Fortunately for Pixie, her owners have invested the time into training her to be comfortable with more people but they always have to be on the lookout for trouble. They control their situation by interacting with people who want to reach out or pet Pixie and they do so before the rude greeting can occur. Then they are able to orchestrate a proper greeting instead, where Pixie receives a lot of rewards for calm behavior so she associates the strangers with good things. After the initial greeting, Pixie is friendly with the people and treats no longer need to be used.

Natalie Karst agrees that rude human behavior can be a problem. Her Border collie, Jack, had started becoming anxious and pacing and jumping when people moved too fast but he had never bitten until the day a salesman came to the door.

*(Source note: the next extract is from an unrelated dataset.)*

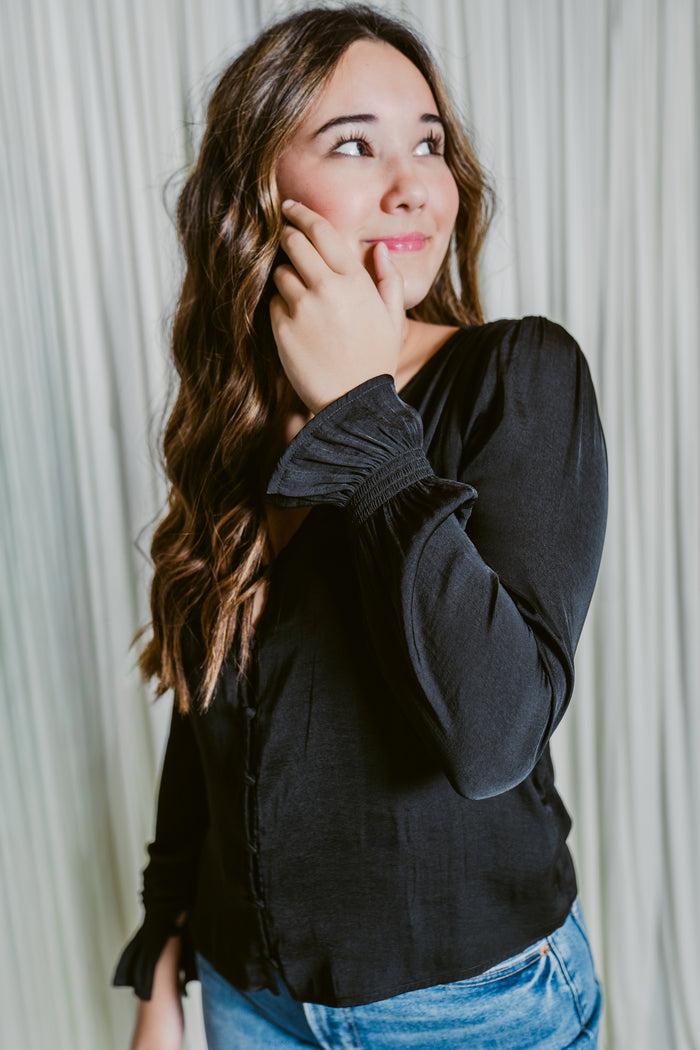 Signature Button Front Long Sleeve Blouse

“I was blocking the doorway and keeping Jack behind me. Jack poked his way around, says Karst. “The salesman thought he was a dog expert and that dogs loved him. So he reached and grabbed Jack by the neck and rubbed his ears and patted him on the head. Then when the guy leaned forward to stand up, that’s when Jack reacted by lunging and bit him on the nose.”

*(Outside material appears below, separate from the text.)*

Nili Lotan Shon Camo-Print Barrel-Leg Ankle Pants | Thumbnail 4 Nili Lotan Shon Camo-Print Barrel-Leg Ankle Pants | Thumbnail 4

Karst laments, “At that point we now had a dog that had actually bitten someone and we really had to change the way we handled him entirely to avoid having it become an animal control issue.”

With two years of practice on the part of the Karst’s, Jack is much more confident. “At this point we still protect him but we don’t have to worry any more. We now have control of him.” But she stressed that one factor throws a wrinkle into the plan. “I can contain [Jack], says Karst. “It’s the other people I have trouble containing.”

It’s important to recognize the signs of fear and anxiety in dogs

Realistically, these rude human greetings that put fearful dogs at risk would not be an issue if the human could tell that the dogs are fearful.  While many people might recognize the obvious signs of fear such as cowering, with the head low, ears back and tail between the legs, they may miss the signs if the dog is only cowering a little.
       

   
Plus there are more subtle signs of fear that are also important to recognize. Dogs who are anxious or afraid, may lick their lips when there is no food nearby, pant when they are not hot or thirsty, their ears may be pinned back or out to the side while their brows are furrowed. 
    

  
When scared or anxious, dogs may also move in slow motion the way you might tip toe if you were walking past sleeping lions.  They may also yawn or act sleepy in situations where they shouldn’t be tired. For instance in new environments most dogs will explore or interact with people and the environment. If a dog goes somewhere new such as to a veterinary hospital and acts much more sedate than normal, that calm demeanor is probably an indicator of fear. Dogs can also be hyper-vigilant when scared, meaning they look around in many directions the way you would if you were walking in the dark in a dangerous neighborhood.
      

     
When fearful, dogs can also suddenly lose their appetite. But then an instant later when they feel more relaxed they may suddenly be willing to eat treats. Anxious or fearful dogs may also move or look away from the object that scares them even if they do so fleetingly. And they may pace aimlessly instead of walking with direction or lying down calmly.
      

     
As you can see, these body language signs of fear in dogs are pretty straightforward. When you see a dog exhibiting these signs as people approach, your job as the owner is to keep the potential greeter a safe distance away and to also train your dog to feel more comfortable. For the human who is approaching, the first rule is to ask the owner first, and then ask the dog. That means, turn slightly sideways so you’re not facing the dog squarely or staring at him. Then let him approach at his own rate. If he shows any combination of signs of fear or anxiety, avoid reaching out to pet him.